- **WHAT TO WORK ON**: The reply should hold only the lines from the one with "Geometric Pearl Necklace" to the one with "Certified 2023 Volvo", both ends kept, exactly as they appear below, without any pictures.

*** SOURCE MATERIAL Section Begins ***

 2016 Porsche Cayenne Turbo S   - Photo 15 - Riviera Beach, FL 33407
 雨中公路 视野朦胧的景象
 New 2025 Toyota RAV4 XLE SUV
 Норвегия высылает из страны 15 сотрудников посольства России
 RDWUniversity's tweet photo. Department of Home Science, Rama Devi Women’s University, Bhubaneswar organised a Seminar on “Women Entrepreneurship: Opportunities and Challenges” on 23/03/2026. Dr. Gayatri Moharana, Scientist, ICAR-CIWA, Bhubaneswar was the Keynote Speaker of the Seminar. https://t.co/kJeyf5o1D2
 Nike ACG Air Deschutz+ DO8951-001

*** SOURCE MATERIAL Section Ends ***
*** SOURCE MATERIAL Section Begins ***

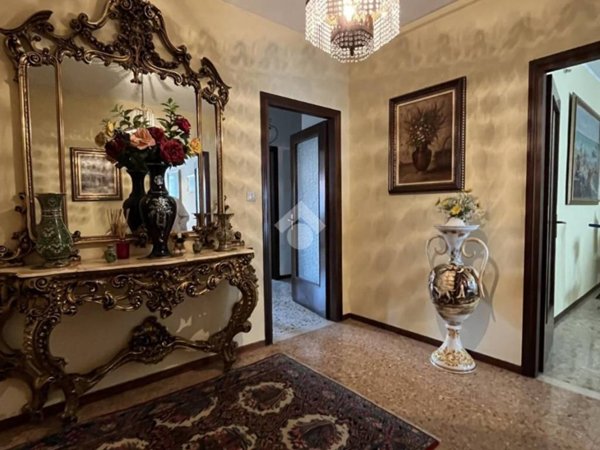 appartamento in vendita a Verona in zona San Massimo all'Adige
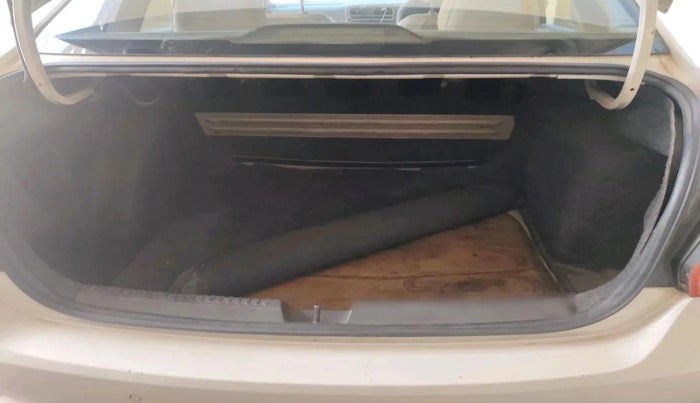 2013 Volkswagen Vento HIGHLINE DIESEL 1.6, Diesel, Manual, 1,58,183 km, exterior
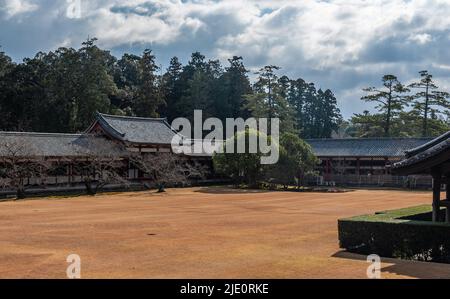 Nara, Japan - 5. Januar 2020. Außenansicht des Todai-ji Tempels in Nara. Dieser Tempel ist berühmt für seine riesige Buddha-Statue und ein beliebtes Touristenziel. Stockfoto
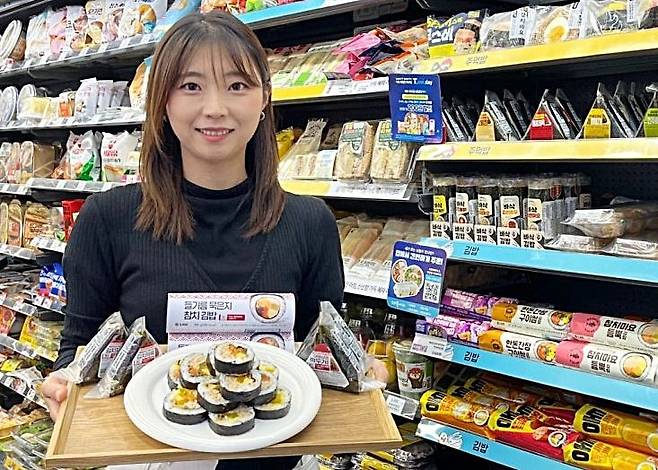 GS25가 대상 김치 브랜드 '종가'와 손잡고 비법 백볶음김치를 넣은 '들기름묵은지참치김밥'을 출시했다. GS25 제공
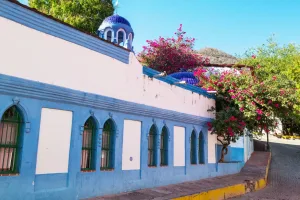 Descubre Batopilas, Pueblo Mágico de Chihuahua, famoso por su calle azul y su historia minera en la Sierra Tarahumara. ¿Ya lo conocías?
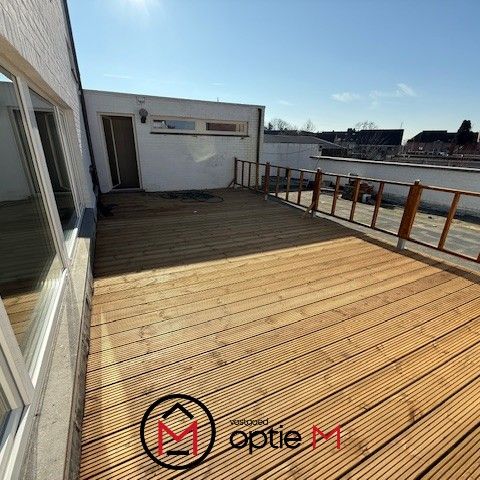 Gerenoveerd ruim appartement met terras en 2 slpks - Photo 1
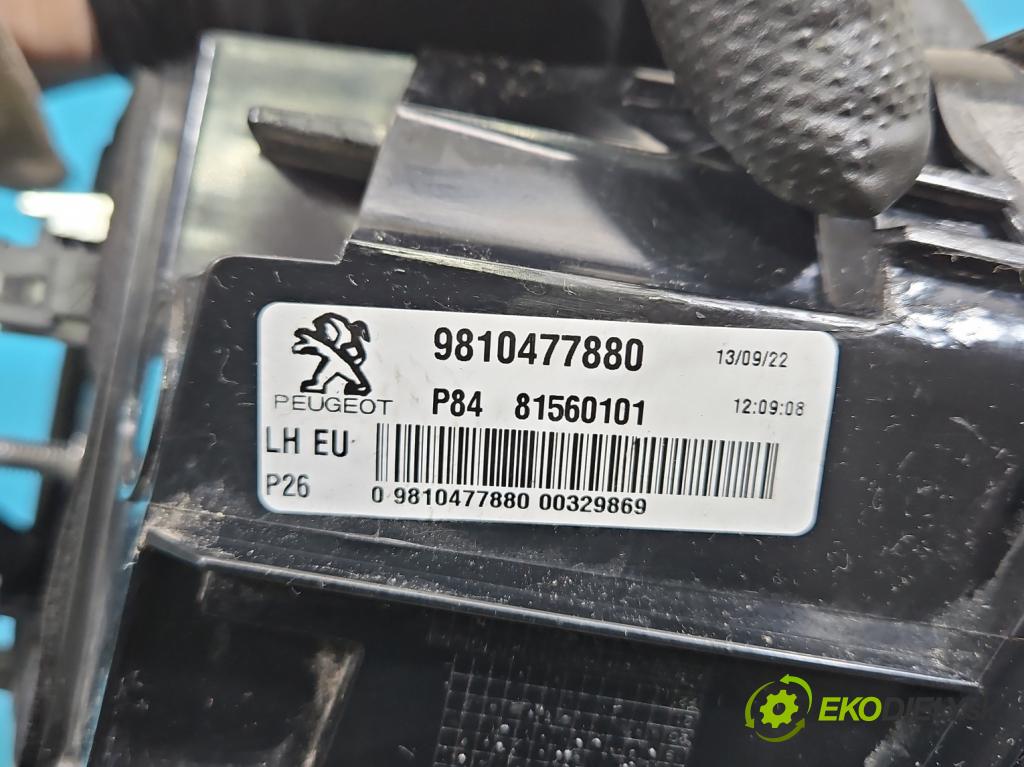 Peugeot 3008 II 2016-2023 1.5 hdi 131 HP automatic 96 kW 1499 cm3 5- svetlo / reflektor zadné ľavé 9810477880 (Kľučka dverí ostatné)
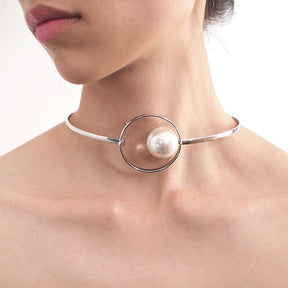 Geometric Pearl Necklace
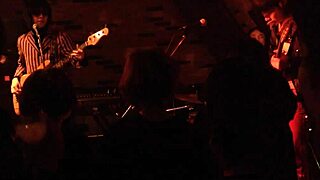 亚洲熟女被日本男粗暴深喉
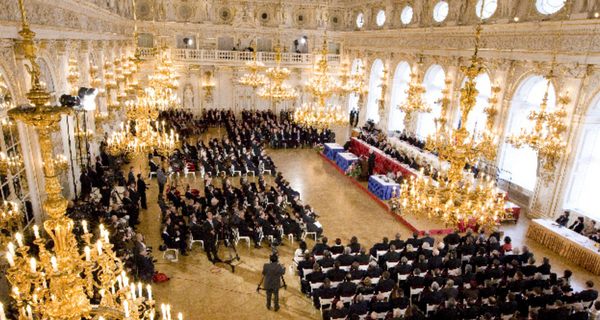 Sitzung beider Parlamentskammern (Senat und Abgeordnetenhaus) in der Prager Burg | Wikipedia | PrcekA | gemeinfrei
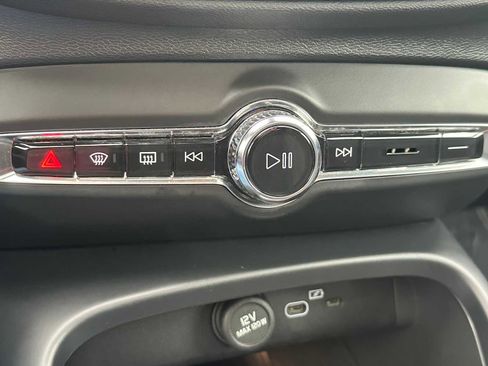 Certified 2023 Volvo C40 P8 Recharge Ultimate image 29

*** SOURCE MATERIAL Section Ends ***

- **RESULT OF THIS EXERCISE**:
 Geometric Pearl Necklace
 亚洲熟女被日本男粗暴深喉
 Sitzung beider Parlamentskammern (Senat und Abgeordnetenhaus) in der Prager Burg | Wikipedia | PrcekA | gemeinfrei
 Certified 2023 Volvo C40 P8 Recharge Ultimate image 29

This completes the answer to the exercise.